TASK GOAL =
The answer must be the full listing, word for word, with no pictures in it.

DATA SHOWN =

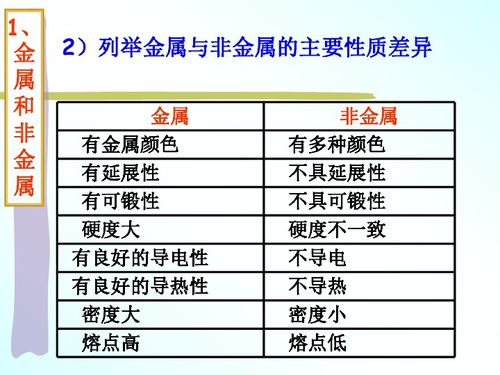 供应产品 第8页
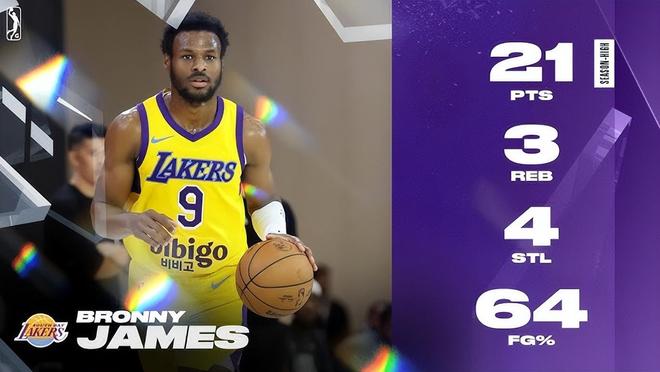 在湖人二队打出攻守兼备的全能表现，布朗尼终于开始找到状态了？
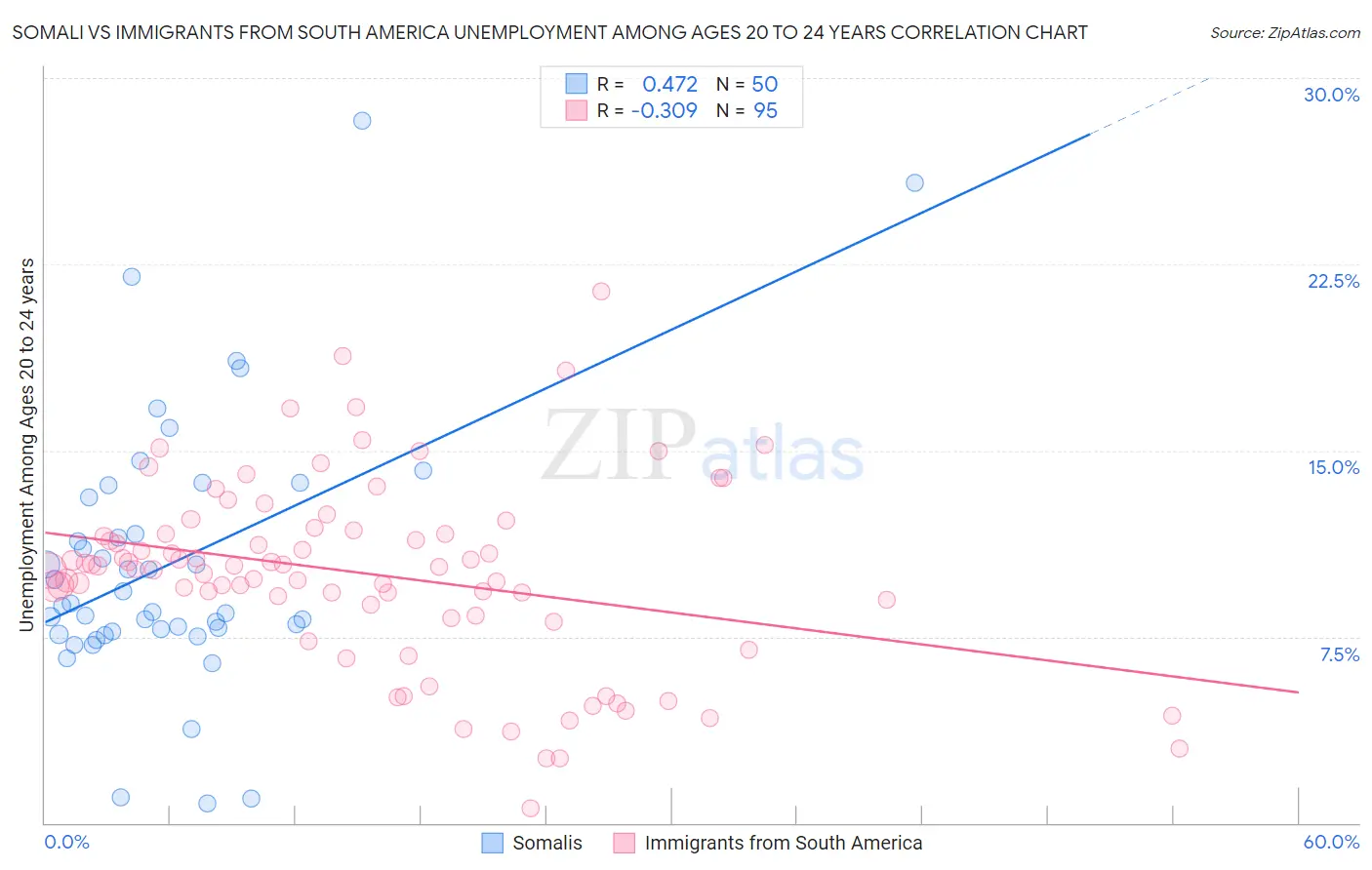 Somali vs Immigrants from South America Unemployment Among Ages 20 to 24 years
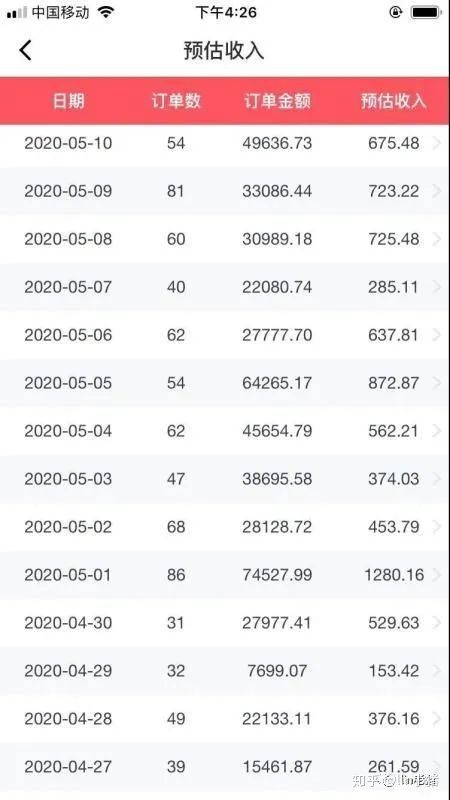 无本创业赚钱点子看后让你惊呆,无本经营有什么赚钱的好项目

REPLY TO THE EXERCISE =
 供应产品 第8页
 在湖人二队打出攻守兼备的全能表现，布朗尼终于开始找到状态了？
 Somali vs Immigrants from South America Unemployment Among Ages 20 to 24 years
 无本创业赚钱点子看后让你惊呆,无本经营有什么赚钱的好项目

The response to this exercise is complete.